At the end of a piece of learning, we often have a call to arms. What are you going to differently tomorrow from what you did today? What footsteps are you going to take as you leave the learning behind
Understanding a subject conceptually, or academically, whilst in the room, or within the e-learning, is easy, but knowing what to do with it can be the hardest of things. How do you change your everyday reality to reflect the new knowledge, skills and attitudes? How do you internalise the learning and make it part of ‘normal’?
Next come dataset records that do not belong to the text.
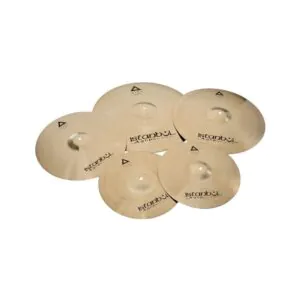 סט מצילות Istanbul Agop Xist Brilliant – 14, 16, 18 ו-20 אינץ׳ כולל תיק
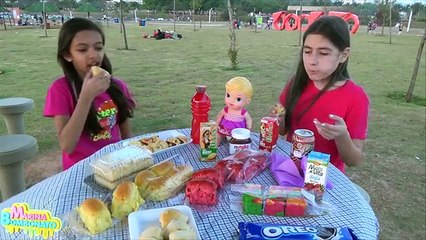 Piquenique com Amy no Parque Villa Lobos (Youtubers Mirins, Lanchinho, Brincadeiras, Desafios)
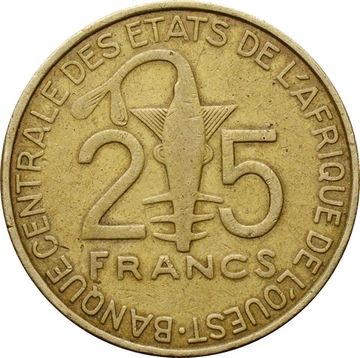 25 франков 1980-2019 Западная Африка (BCEAO) 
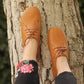 Women - Handmade - Oxford - Laced - Barefoot - Leather Shoes, - Light Brown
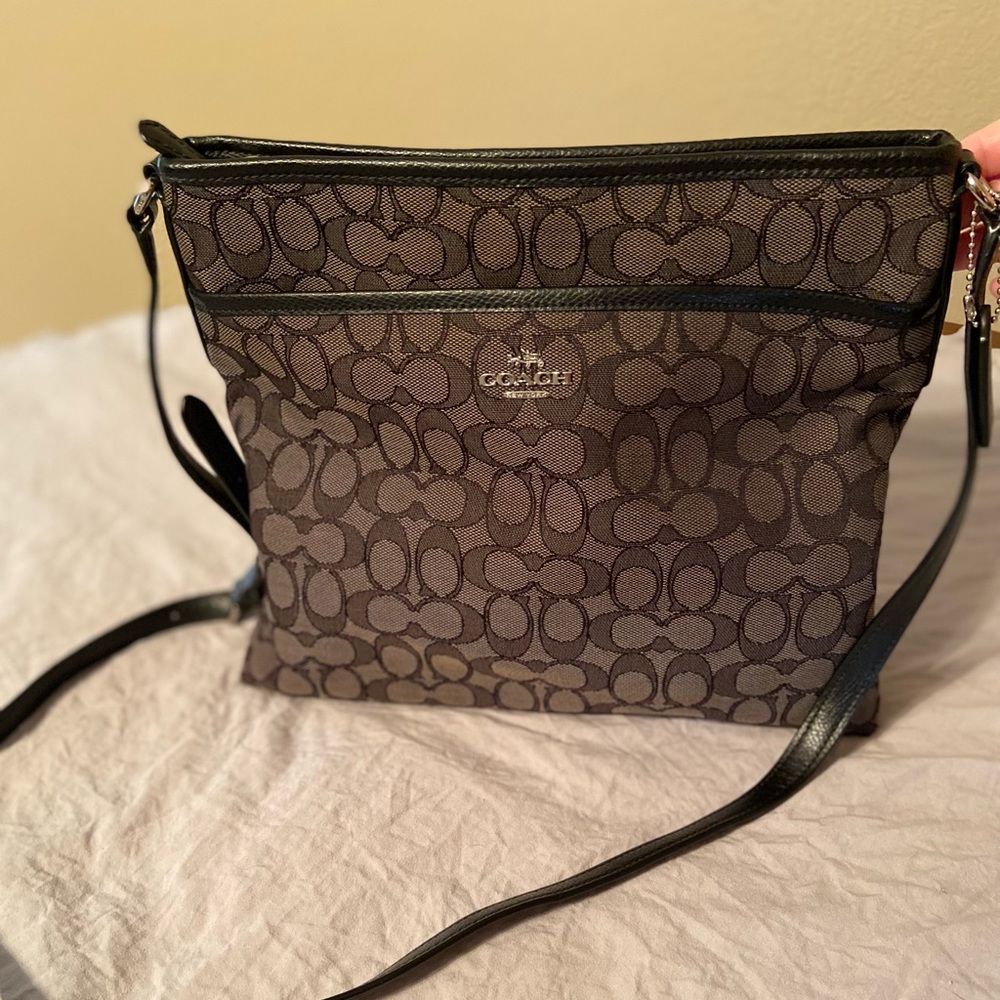 Coach “Signature File” Crossbody Bag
To understand how and why people change behaviours, how and why they take different footsteps down a different path after learning something new, we need to consider ‘Inspiration’ and ‘Motivation’. This is a little bit more than the carrot and stick. People will change behaviours because they want to, or because they have to, and all for a wide variety of reasons. Some of these factors will be ones that we can influence, by making opportunities available to people with better qualifications or training, by making things regulatory or essential, so that they have to do them to get or keep a job, but others fall outside the areas that we can influence.
People will be inspired to learn because it interests them, because they enjoy the challenge, because they want to do better in this job, or because they are desperate to get another one. They can be inspired to do better by people they admire, emulate or are jealous of, and they can be motivated by money, ego or competition.
Whilst we cannot influence many of these factors, and indeed, may not even be aware of many, there are some that we can influence or make more visible.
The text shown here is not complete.